ADVISERS across the country are likely to find roles under scrutiny from clients following the Court of Session’s ruling last week that Rangers FC’s Employee Benefit Trust arrangement fails to work.
Last week, the court held the corporate entity that formerly housed Rangers, now in liquidation (oldco), had run a contrived EBT structure between 2001 and 2010 to pay £47.7m to players and staff in tax-free loans.
Unless the Supreme Court sees fit to overturn the ruling, EBTs face a bleak future with HM Revenue & Customs likely to pursue them with accelerated payment notices and follower notices. These notices can be issued to taxpayers using schemes that are in dispute or where a precedent has been set that would make it highly likely that they would lose at tribunal.
HMRC ran an EBT settlement scheme which closed on 31 July this year. Under the regime, businesses that used EBTs had to register their intention to settle with HMRC by 31 March 2015, in order to benefit from more favourable terms, and pay up by the end of July. There were no penalties, but now the opportunity has lapsed EBT users could face fines of 50% or more of the tax due.

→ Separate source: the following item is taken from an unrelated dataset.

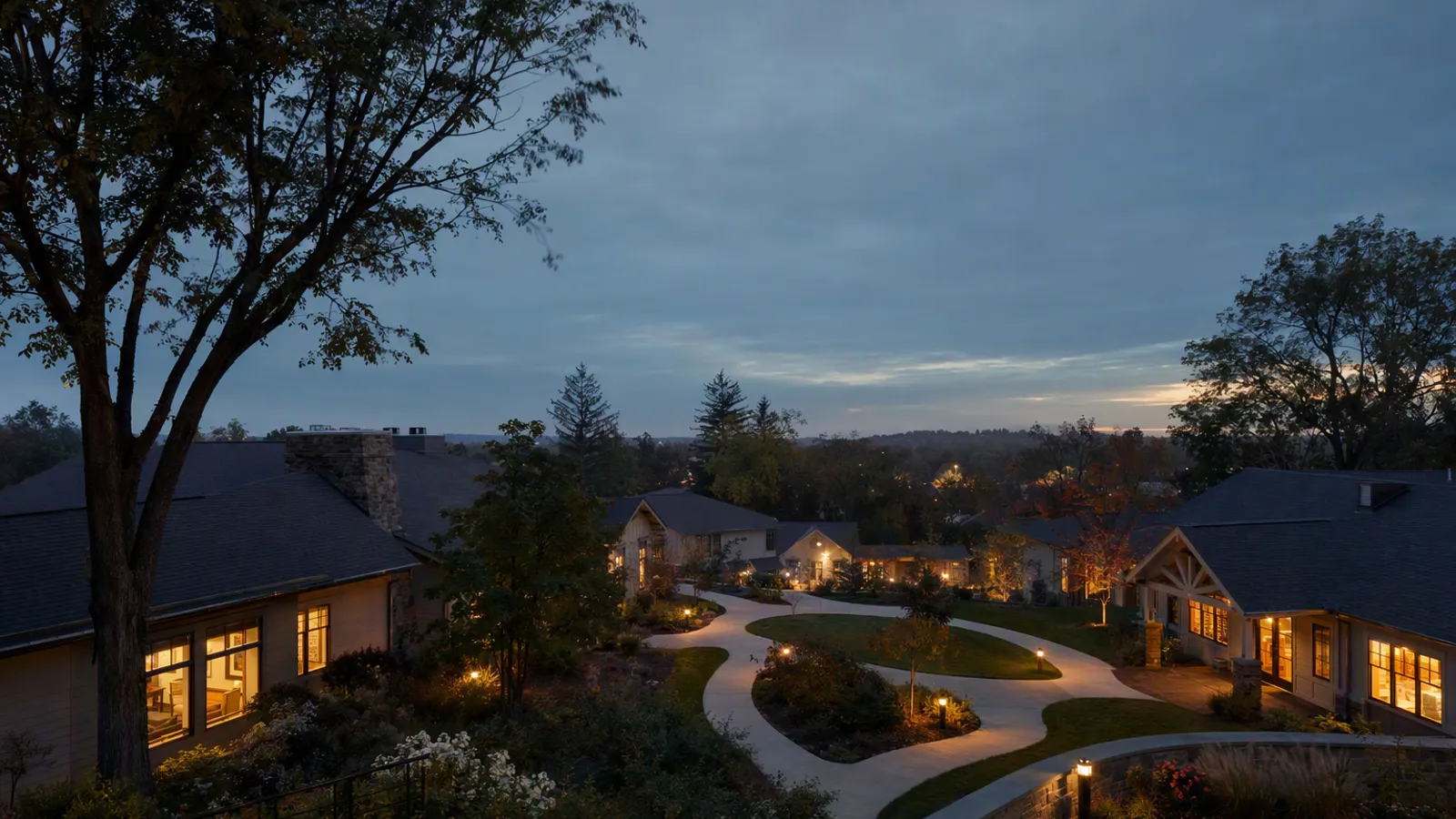 A senior-living community at dusk, warm lit windows around a landscaped courtyard and a lit garden path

But it is believed that many advisers told their clients to wait and see how the Rangers case turned out, rather than take advantage of the settlement opportunity. Today, those clients are now facing substantial bills, many times larger than those they would have paid had they used the settlement regime.
“The biggest issue is the taxpayers who haven’t settled and the absolute headache facing the profession,” MHA MacIntyre Hudson partner Alastair Kendrick told Accountancy Age.
“It’s not the accelerated payments, it’s the difference in the quantum of the settlements that’s going to be the big issue. Clients will say ‘you should have put us on notice or told us of the risk’, so I can imagine there will be numerous people in this position. The accountant’s in an invidious position and their firm will be liable.”
Indeed, Kendrick suggests the number of people affected by the ruling may be great enough to cause the taxman to reopen the settlement regime, although HMRC itself has yet to give any indication whether it will.
“There might well be [an inclination to reopen the settlement window] because it would encourage more people to come forward,” he said.